== EXERCISE DESCRIPTION ==
Set the entries down once more, exactly as they are worded.

Data entries
= Beginning of Section =

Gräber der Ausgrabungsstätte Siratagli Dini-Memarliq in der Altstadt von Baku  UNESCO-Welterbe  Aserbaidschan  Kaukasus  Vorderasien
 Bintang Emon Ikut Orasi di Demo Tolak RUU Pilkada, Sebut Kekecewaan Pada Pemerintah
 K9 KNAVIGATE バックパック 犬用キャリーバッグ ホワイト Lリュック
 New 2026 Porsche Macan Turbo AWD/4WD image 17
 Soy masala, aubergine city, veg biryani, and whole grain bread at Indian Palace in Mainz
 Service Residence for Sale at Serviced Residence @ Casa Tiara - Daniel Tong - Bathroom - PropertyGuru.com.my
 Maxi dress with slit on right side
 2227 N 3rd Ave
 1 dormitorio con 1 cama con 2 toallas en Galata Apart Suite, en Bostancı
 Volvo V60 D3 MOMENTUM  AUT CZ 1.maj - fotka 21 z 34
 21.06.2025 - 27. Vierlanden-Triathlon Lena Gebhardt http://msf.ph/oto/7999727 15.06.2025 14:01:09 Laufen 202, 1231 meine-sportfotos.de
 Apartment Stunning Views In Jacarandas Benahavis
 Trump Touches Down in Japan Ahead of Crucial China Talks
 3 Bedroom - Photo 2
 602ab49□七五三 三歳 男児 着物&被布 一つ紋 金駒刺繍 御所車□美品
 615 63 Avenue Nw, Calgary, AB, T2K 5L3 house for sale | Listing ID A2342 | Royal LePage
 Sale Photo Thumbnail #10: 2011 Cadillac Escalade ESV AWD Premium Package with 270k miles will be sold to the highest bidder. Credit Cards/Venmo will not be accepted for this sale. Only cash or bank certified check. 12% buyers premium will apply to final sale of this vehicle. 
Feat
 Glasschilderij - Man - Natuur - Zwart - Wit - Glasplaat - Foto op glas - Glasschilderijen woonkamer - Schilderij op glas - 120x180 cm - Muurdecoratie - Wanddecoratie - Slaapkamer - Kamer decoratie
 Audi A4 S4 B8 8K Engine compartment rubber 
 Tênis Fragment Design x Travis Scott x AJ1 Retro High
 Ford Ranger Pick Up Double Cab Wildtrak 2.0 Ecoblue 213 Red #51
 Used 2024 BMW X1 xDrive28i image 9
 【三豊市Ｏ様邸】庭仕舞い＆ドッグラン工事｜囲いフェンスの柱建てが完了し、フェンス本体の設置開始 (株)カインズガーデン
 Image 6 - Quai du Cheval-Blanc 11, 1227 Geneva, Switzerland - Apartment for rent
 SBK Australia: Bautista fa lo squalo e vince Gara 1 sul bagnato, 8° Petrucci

= End of Section =

== COMPLETED TASK ==
Gräber der Ausgrabungsstätte Siratagli Dini-Memarliq in der Altstadt von Baku  UNESCO-Welterbe  Aserbaidschan  Kaukasus  Vorderasien
 Bintang Emon Ikut Orasi di Demo Tolak RUU Pilkada, Sebut Kekecewaan Pada Pemerintah
 K9 KNAVIGATE バックパック 犬用キャリーバッグ ホワイト Lリュック
 New 2026 Porsche Macan Turbo AWD/4WD image 17
 Soy masala, aubergine city, veg biryani, and whole grain bread at Indian Palace in Mainz
 Service Residence for Sale at Serviced Residence @ Casa Tiara - Daniel Tong - Bathroom - PropertyGuru.com.my
 Maxi dress with slit on right side
 2227 N 3rd Ave
 1 dormitorio con 1 cama con 2 toallas en Galata Apart Suite, en Bostancı
 Volvo V60 D3 MOMENTUM  AUT CZ 1.maj - fotka 21 z 34
 21.06.2025 - 27. Vierlanden-Triathlon Lena Gebhardt http://msf.ph/oto/7999727 15.06.2025 14:01:09 Laufen 202, 1231 meine-sportfotos.de
 Apartment Stunning Views In Jacarandas Benahavis
 Trump Touches Down in Japan Ahead of Crucial China Talks
 3 Bedroom - Photo 2
 602ab49□七五三 三歳 男児 着物&被布 一つ紋 金駒刺繍 御所車□美品
 615 63 Avenue Nw, Calgary, AB, T2K 5L3 house for sale | Listing ID A2342 | Royal LePage
 Sale Photo Thumbnail #10: 2011 Cadillac Escalade ESV AWD Premium Package with 270k miles will be sold to the highest bidder. Credit Cards/Venmo will not be accepted for this sale. Only cash or bank certified check. 12% buyers premium will apply to final sale of this vehicle. 
Feat
 Glasschilderij - Man - Natuur - Zwart - Wit - Glasplaat - Foto op glas - Glasschilderijen woonkamer - Schilderij op glas - 120x180 cm - Muurdecoratie - Wanddecoratie - Slaapkamer - Kamer decoratie
 Audi A4 S4 B8 8K Engine compartment rubber 
 Tênis Fragment Design x Travis Scott x AJ1 Retro High
 Ford Ranger Pick Up Double Cab Wildtrak 2.0 Ecoblue 213 Red #51
 Used 2024 BMW X1 xDrive28i image 9
 【三豊市Ｏ様邸】庭仕舞い＆ドッグラン工事｜囲いフェンスの柱建てが完了し、フェンス本体の設置開始 (株)カインズガーデン
 Image 6 - Quai du Cheval-Blanc 11, 1227 Geneva, Switzerland - Apartment for rent
 SBK Australia: Bautista fa lo squalo e vince Gara 1 sul bagnato, 8° Petrucci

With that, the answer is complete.